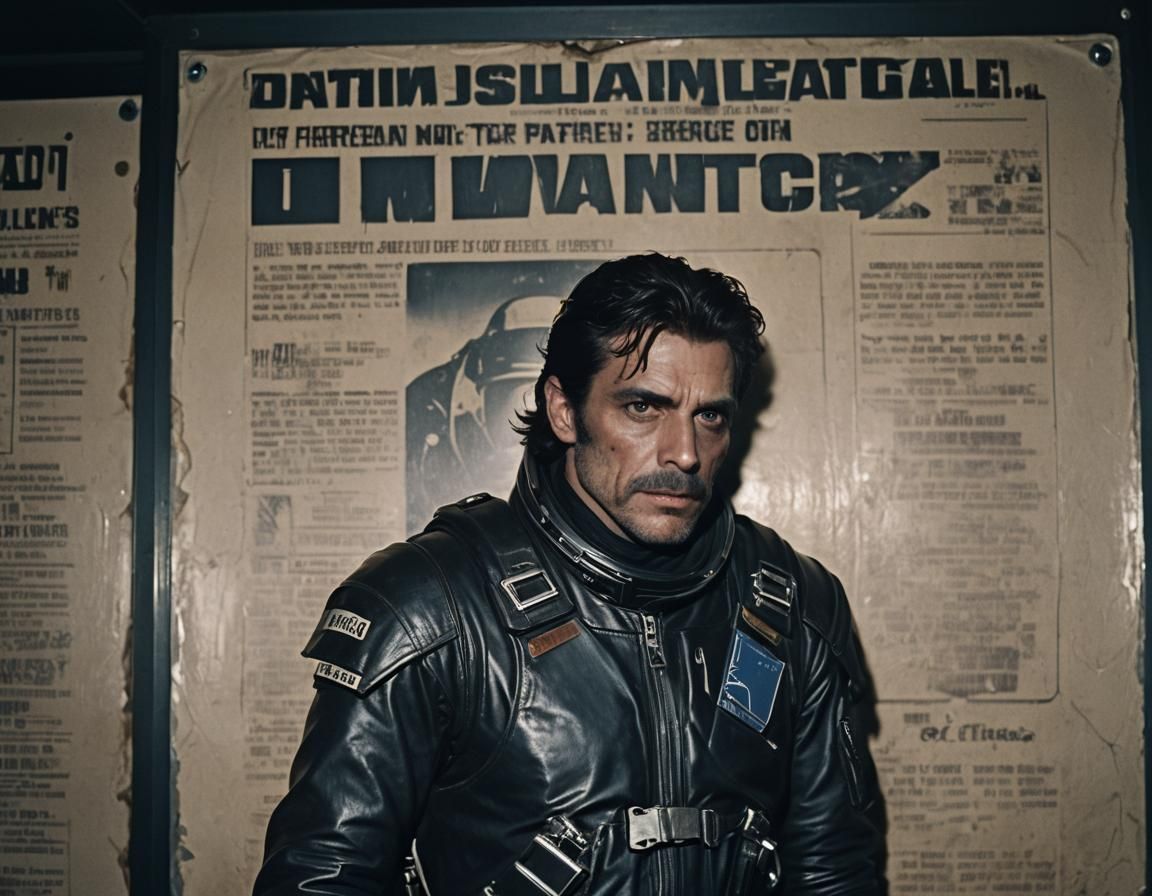 Gritty Interstellar Outlaw in Crime Noir Style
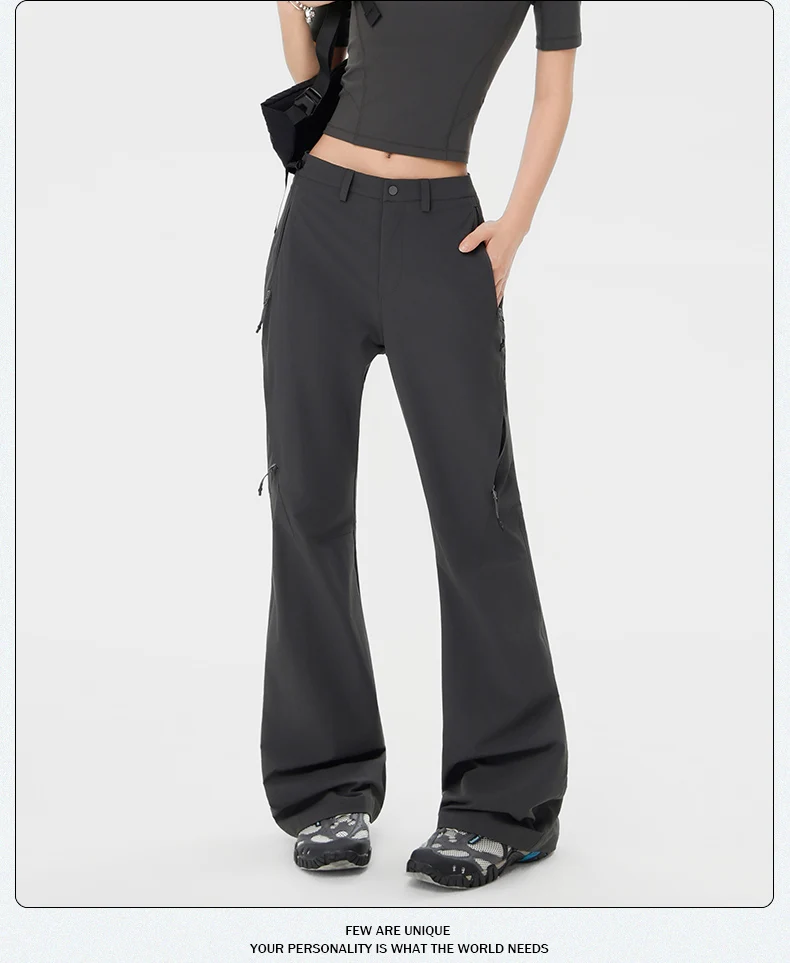 Damen-Freizeithose mit weitem Bein für Frühjahr/Sommer 2026 – Trendiges Slim-Fit Micro-Flare-Design für Jugendliche und Streetwear – Detail 11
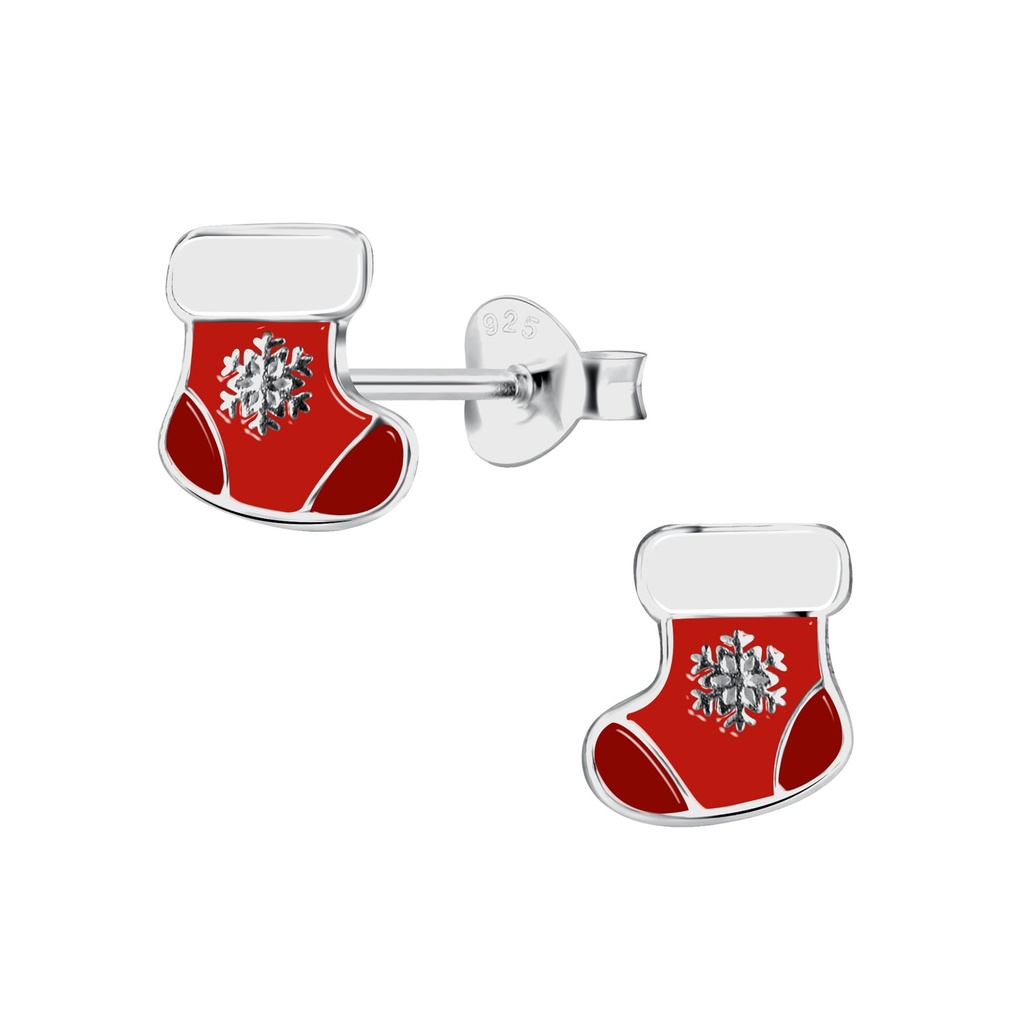 [10033114] Silver Christmas Stocking Stud Earrings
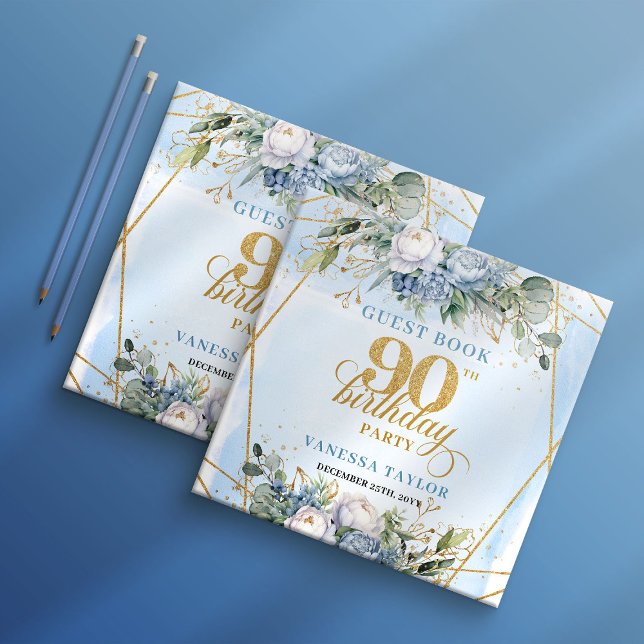 Livre D'or Elegant 90th Birthday Dusty Blue Greenery Frame  (Elegant 90th Birthday Dusty Blue Greenery Frame Guest Book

————————

Exercise instructions -> Leave out the pictures and repeat the remaining data exactly.

Written solution ->
 Gritty Interstellar Outlaw in Crime Noir Style
 Damen-Freizeithose mit weitem Bein für Frühjahr/Sommer 2026 – Trendiges Slim-Fit Micro-Flare-Design für Jugendliche und Streetwear – Detail 11
 [10033114] Silver Christmas Stocking Stud Earrings
 Livre D'or Elegant 90th Birthday Dusty Blue Greenery Frame  (Elegant 90th Birthday Dusty Blue Greenery Frame Guest Book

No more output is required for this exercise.